#### GIVEN RECORDS ####
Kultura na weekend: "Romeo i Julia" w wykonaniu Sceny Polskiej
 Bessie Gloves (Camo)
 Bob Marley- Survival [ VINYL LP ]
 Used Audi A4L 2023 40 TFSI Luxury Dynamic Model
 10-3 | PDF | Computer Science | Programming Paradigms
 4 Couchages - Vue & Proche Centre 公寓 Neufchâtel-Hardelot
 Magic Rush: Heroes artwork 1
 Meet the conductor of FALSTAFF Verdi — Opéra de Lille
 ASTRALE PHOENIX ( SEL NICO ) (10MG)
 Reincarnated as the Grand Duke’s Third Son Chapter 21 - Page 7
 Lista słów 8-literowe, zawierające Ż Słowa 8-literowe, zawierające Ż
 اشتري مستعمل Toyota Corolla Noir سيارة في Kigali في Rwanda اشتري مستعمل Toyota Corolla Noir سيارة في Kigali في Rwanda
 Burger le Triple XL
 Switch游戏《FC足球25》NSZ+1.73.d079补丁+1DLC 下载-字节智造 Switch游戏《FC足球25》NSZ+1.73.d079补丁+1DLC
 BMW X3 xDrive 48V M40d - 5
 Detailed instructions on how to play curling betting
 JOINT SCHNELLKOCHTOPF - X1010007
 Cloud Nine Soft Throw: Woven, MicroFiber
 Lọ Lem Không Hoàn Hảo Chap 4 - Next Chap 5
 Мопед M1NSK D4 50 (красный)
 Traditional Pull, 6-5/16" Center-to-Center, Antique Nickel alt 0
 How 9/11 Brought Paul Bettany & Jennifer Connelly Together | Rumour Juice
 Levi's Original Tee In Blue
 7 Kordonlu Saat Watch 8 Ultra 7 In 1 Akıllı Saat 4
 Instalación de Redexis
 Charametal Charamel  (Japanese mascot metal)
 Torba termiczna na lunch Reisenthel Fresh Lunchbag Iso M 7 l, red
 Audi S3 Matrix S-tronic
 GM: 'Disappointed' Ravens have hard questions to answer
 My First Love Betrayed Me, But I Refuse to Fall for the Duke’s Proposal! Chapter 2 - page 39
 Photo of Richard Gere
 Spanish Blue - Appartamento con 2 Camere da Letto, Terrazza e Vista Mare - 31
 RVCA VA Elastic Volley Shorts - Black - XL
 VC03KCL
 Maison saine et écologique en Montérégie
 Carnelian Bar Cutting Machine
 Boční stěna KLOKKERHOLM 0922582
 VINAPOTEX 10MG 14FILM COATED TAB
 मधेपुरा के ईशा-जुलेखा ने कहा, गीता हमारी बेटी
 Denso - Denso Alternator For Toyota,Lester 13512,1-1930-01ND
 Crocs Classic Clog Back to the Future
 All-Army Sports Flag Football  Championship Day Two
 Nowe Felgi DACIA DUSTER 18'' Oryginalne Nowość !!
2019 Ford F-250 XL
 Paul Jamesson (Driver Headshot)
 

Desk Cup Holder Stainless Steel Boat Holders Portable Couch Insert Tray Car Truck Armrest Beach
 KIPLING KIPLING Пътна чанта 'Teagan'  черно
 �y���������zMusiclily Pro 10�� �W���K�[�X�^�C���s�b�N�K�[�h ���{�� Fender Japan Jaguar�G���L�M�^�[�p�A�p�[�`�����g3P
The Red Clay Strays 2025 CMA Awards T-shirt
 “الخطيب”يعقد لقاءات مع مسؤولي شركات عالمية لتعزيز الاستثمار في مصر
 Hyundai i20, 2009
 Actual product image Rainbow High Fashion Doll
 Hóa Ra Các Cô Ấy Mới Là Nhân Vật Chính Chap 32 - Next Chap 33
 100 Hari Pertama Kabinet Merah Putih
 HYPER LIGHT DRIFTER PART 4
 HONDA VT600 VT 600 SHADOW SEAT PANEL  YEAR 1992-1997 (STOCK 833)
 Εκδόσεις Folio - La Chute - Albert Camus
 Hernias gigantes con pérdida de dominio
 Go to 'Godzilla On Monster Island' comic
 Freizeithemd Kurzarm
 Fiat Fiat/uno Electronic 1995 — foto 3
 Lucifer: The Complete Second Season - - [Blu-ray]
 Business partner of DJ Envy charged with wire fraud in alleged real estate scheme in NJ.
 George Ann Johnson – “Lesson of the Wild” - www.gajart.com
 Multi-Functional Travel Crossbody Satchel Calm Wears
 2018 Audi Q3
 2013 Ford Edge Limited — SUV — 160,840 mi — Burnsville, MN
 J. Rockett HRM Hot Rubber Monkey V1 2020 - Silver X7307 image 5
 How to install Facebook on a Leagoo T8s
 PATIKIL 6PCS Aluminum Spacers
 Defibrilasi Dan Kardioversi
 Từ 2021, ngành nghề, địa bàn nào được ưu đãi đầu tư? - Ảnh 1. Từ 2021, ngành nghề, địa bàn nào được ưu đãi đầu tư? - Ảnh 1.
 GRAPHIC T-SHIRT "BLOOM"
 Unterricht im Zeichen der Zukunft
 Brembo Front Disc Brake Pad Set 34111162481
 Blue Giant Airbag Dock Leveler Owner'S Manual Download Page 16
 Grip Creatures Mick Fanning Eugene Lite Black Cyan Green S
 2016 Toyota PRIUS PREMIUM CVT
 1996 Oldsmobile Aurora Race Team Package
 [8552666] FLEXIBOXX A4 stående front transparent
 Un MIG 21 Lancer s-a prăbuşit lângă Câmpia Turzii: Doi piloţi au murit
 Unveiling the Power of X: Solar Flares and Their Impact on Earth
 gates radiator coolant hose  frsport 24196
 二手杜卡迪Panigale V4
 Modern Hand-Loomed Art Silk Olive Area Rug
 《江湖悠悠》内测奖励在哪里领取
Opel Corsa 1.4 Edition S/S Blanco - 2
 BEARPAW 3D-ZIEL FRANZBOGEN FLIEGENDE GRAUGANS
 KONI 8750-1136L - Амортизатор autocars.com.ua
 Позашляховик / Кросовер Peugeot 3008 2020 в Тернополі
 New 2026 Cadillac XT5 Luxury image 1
####
_PROBLEM TO SOLVE_
Copy out each line of the records that holds the string "Chapter".

_TASK SOLUTION_
 Reincarnated as the Grand Duke’s Third Son Chapter 21 - Page 7
 My First Love Betrayed Me, But I Refuse to Fall for the Duke’s Proposal! Chapter 2 - page 39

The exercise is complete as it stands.